The only side effects, Moderna said, were mild fevers similar to those associated with other common pediatric vaccines.
Children don’t generally get as sick with COVID-19 as to adults, but about 400 children younger than five have died from COVID-19 since the start of the pandemic, according to CDC data. Children were hit especially hard by the omicron variant, and children under 5 were hospitalized at higher rates than during the peak of the previous delta surge, according to the CDC.
New COVID-19 infections, hospitalizations and deaths have been trending downward as the third year of the pandemic begins and Americans learn to live with the virus. There are a couple of troubling signs, though.
First, “stealth omicron,” a variant within a variant known as BA.2, has made its way to the United States. Second, an extra-contagious delta-omicron hybrid, commonly called “deltacron,” may soon push up U.S. cases.
Also, COVID-19 vaccines in general fend don’t fend off BA.2 as well as earlier variants, but do offer strong protection against severe COVID-19 illness, according to the CDC.
Scientists are keeping an eye on deltracron, which shows how wily the coronavirus can be.
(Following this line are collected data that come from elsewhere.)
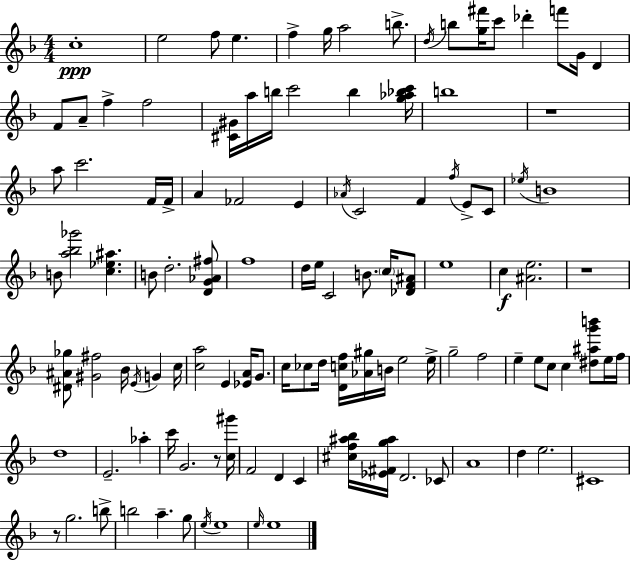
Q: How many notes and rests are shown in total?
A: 115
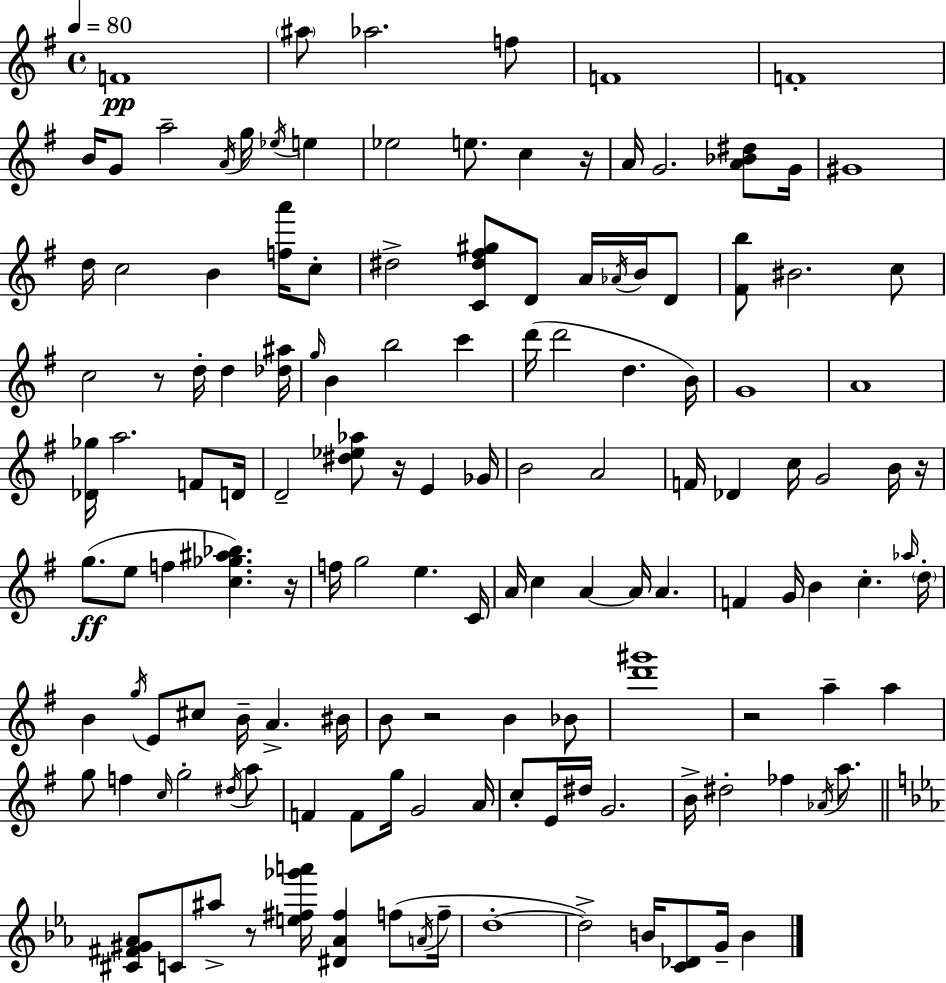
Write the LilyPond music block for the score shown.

{
  \clef treble
  \time 4/4
  \defaultTimeSignature
  \key g \major
  \tempo 4 = 80
  \repeat volta 2 { f'1\pp | \parenthesize ais''8 aes''2. f''8 | f'1 | f'1-. | \break b'16 g'8 a''2-- \acciaccatura { a'16 } g''16 \acciaccatura { ees''16 } e''4 | ees''2 e''8. c''4 | r16 a'16 g'2. <a' bes' dis''>8 | g'16 gis'1 | \break d''16 c''2 b'4 <f'' a'''>16 | c''8-. dis''2-> <c' dis'' fis'' gis''>8 d'8 a'16 \acciaccatura { aes'16 } | b'16 d'8 <fis' b''>8 bis'2. | c''8 c''2 r8 d''16-. d''4 | \break <des'' ais''>16 \grace { g''16 } b'4 b''2 | c'''4 d'''16( d'''2 d''4. | b'16) g'1 | a'1 | \break <des' ges''>16 a''2. | f'8 d'16 d'2-- <dis'' ees'' aes''>8 r16 e'4 | ges'16 b'2 a'2 | f'16 des'4 c''16 g'2 | \break b'16 r16 g''8.(\ff e''8 f''4 <c'' ges'' ais'' bes''>4.) | r16 f''16 g''2 e''4. | c'16 a'16 c''4 a'4~~ a'16 a'4. | f'4 g'16 b'4 c''4.-. | \break \grace { aes''16 } \parenthesize d''16-. b'4 \acciaccatura { g''16 } e'8 cis''8 b'16-- a'4.-> | bis'16 b'8 r2 | b'4 bes'8 <d''' gis'''>1 | r2 a''4-- | \break a''4 g''8 f''4 \grace { c''16 } g''2-. | \acciaccatura { dis''16 } a''8 f'4 f'8 g''16 g'2 | a'16 c''8-. e'16 dis''16 g'2. | b'16-> dis''2-. | \break fes''4 \acciaccatura { aes'16 } a''8. \bar "||" \break \key c \minor <cis' fis' gis' aes'>8 c'8 ais''8-> r8 <e'' fis'' ges''' a'''>16 <dis' aes' fis''>4 f''8( \acciaccatura { a'16 } | f''16-- d''1-.~~ | d''2->) b'16 <c' des'>8 g'16-- b'4 | } \bar "|."
}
Dr. Eric Topol, the head of Scripps Research Translational Institute, told The Associated Press a deltacron wave is “inevitable,” especially now that COVID-19 restrictions have been lifted and Americans are returning maskless to restaurants, bars, sporting events and other indoor activities.
The BA.2 strain of the omicron variant now makes up nearly 25 percent of new COVID-19 infections in the U.S., according to the Centers for Disease Control and Prevention. In Georgia and other states in the South, including Florida and South Carolina, the federal agency reports 21 percent of the circulating viruses are BA.2 while the rest is the original omicron.
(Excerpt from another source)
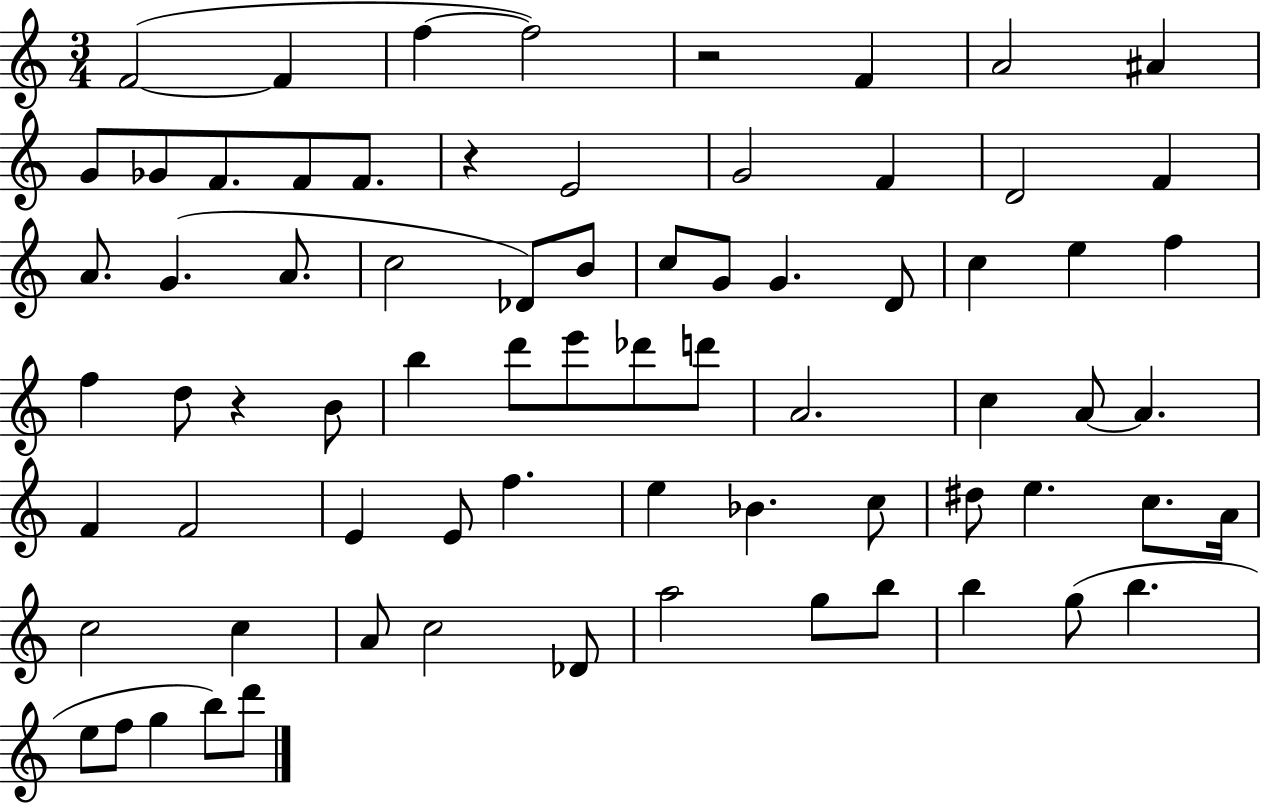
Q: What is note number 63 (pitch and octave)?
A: B5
“Every time the cases come down, I feel relief. It feels great, and to be able to do things you were not comfortable doing before,” Dr. Jesse Couk, an infectious disease doctor at Piedmont Atlanta Hospital told AJC.com. “But we have to look ahead, and this is why we are so focused on Europe. We see this wave in the distance and we don’t know what will happen here.”
Moderna conducted its trial during the omicron surge. There were no severe illnesses, and the vaccine was about 44 percent effective at preventing any infection in babies up to age 2, and nearly 38 percent effective in preschoolers.
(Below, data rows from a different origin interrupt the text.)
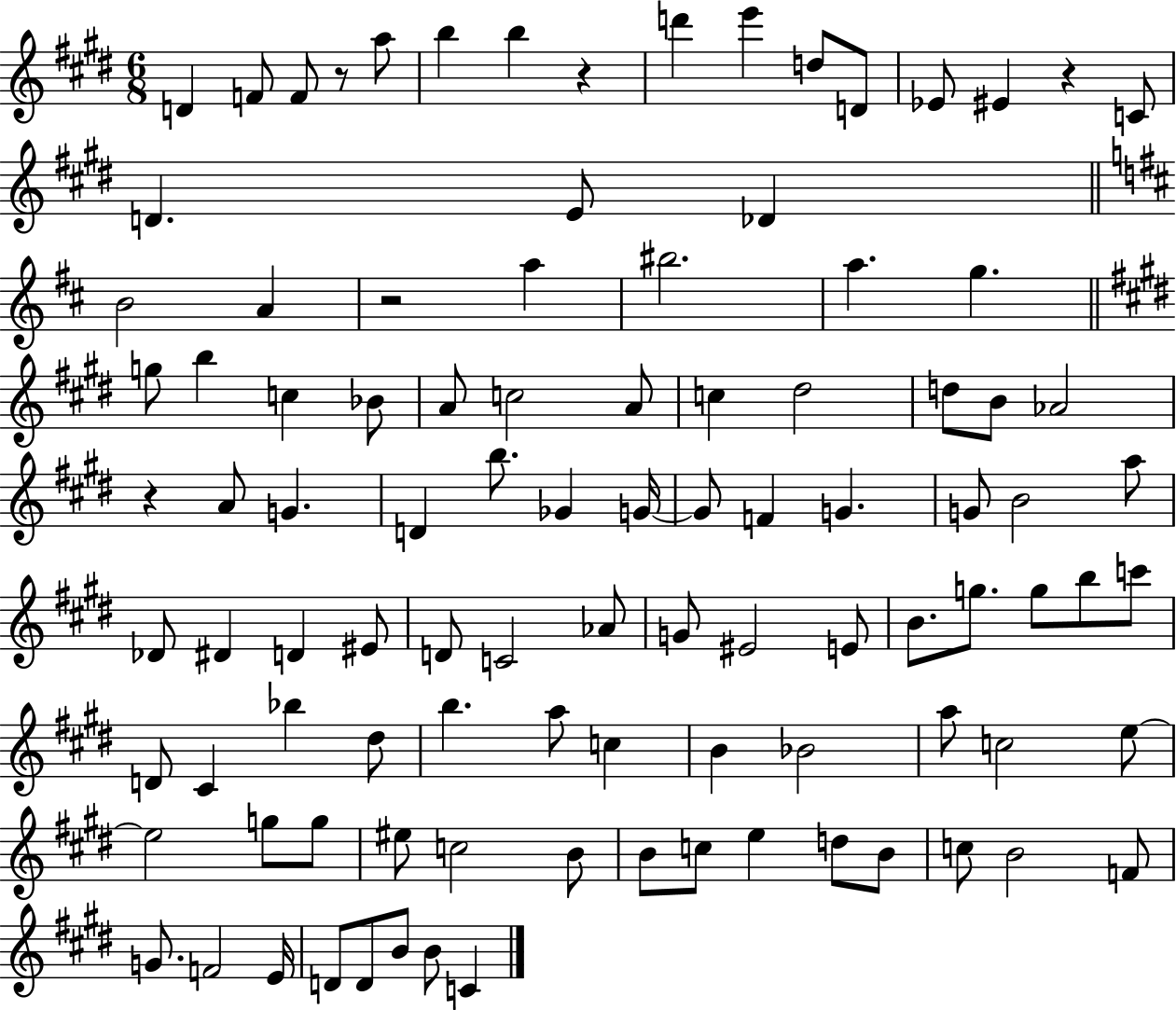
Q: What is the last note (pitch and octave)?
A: C4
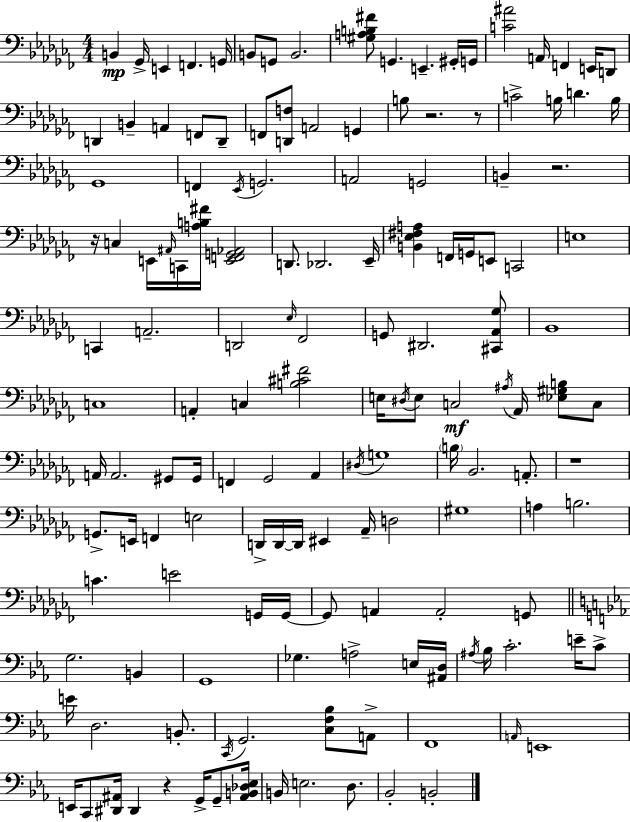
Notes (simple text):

B2/q Gb2/s E2/q F2/q. G2/s B2/e G2/e B2/h. [G#3,A3,B3,F#4]/e G2/q. E2/q. G#2/s G2/s [C4,A#4]/h A2/s F2/q E2/s D2/e D2/q B2/q A2/q F2/e D2/e F2/e [D2,F3]/e A2/h G2/q B3/e R/h. R/e C4/h B3/s D4/q. B3/s Gb2/w F2/q Eb2/s G2/h. A2/h G2/h B2/q R/h. R/s C3/q E2/s A#2/s C2/s [A3,B3,F#4]/s [E2,F2,G2,Ab2]/h D2/e. Db2/h. Eb2/s [B2,Eb3,F#3,A3]/q F2/s G2/s E2/e C2/h E3/w C2/q A2/h. D2/h Eb3/s FES2/h G2/e D#2/h. [C#2,Ab2,Gb3]/e Bb2/w C3/w A2/q C3/q [B3,C#4,F#4]/h E3/s D#3/s E3/e C3/h A#3/s Ab2/s [Eb3,G#3,B3]/e C3/e A2/s A2/h. G#2/e G#2/s F2/q Gb2/h Ab2/q D#3/s G3/w B3/s Bb2/h. A2/e. R/w G2/e. E2/s F2/q E3/h D2/s D2/s D2/s EIS2/q Ab2/s D3/h G#3/w A3/q B3/h. C4/q. E4/h G2/s G2/s G2/e A2/q A2/h G2/e G3/h. B2/q G2/w Gb3/q. A3/h E3/s [A#2,D3]/s A#3/s Bb3/s C4/h. E4/s C4/e E4/s D3/h. B2/e. C2/s G2/h. [C3,F3,Bb3]/e A2/e F2/w A2/s E2/w E2/s C2/e [D#2,A#2]/s D#2/q R/q G2/s G2/e [A#2,B2,Db3,Eb3]/s B2/s E3/h. D3/e. Bb2/h B2/h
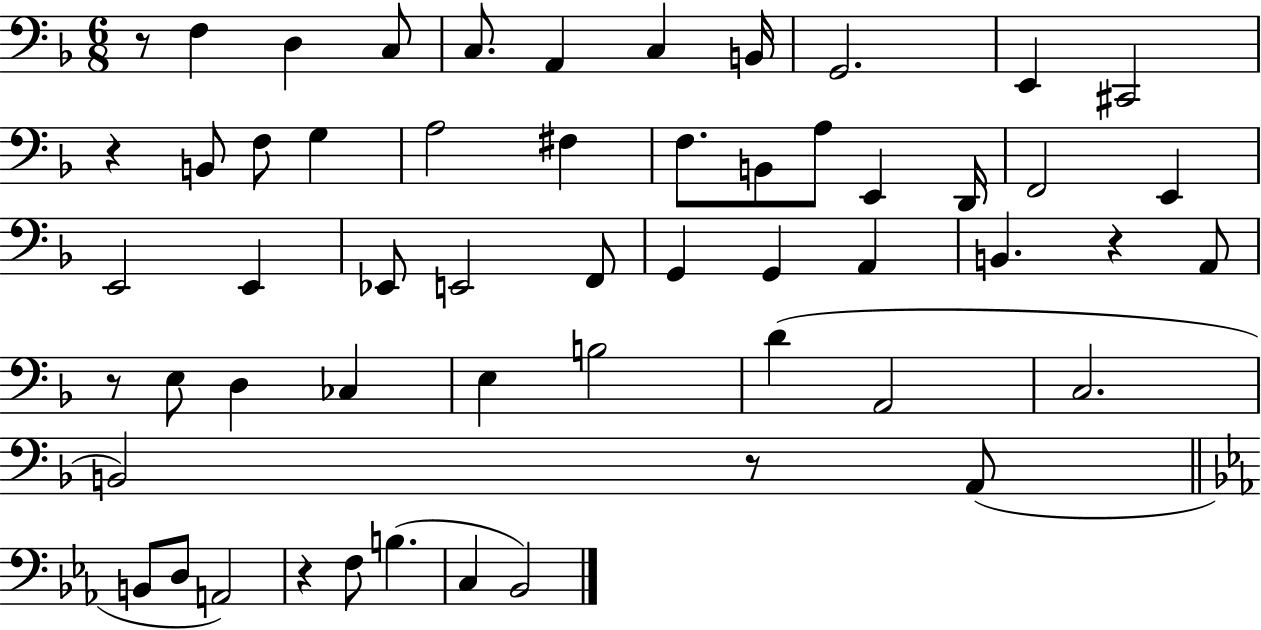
R/e F3/q D3/q C3/e C3/e. A2/q C3/q B2/s G2/h. E2/q C#2/h R/q B2/e F3/e G3/q A3/h F#3/q F3/e. B2/e A3/e E2/q D2/s F2/h E2/q E2/h E2/q Eb2/e E2/h F2/e G2/q G2/q A2/q B2/q. R/q A2/e R/e E3/e D3/q CES3/q E3/q B3/h D4/q A2/h C3/h. B2/h R/e A2/e B2/e D3/e A2/h R/q F3/e B3/q. C3/q Bb2/h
Moderna’s request to expand shots to 12- to 17-year-olds has been stalled for months over FDA concern about a very rare side effect, an inflammation of the heart that sometimes occurs in teens and young adults, mostly males, after receiving either the Moderna or Pfizer vaccine.
Moderna has gotten extra scrutiny because its dosages are far larger than Pfizer’s. The risk also seems to be linked to puberty, and regulators in Canada, Europe and elsewhere recently expanded Moderna vaccinations to kids as young as 6.
“That concern has not been seen in the younger children,” Northwestern’s Muller told The AP.
The Associated Press contributed reporting.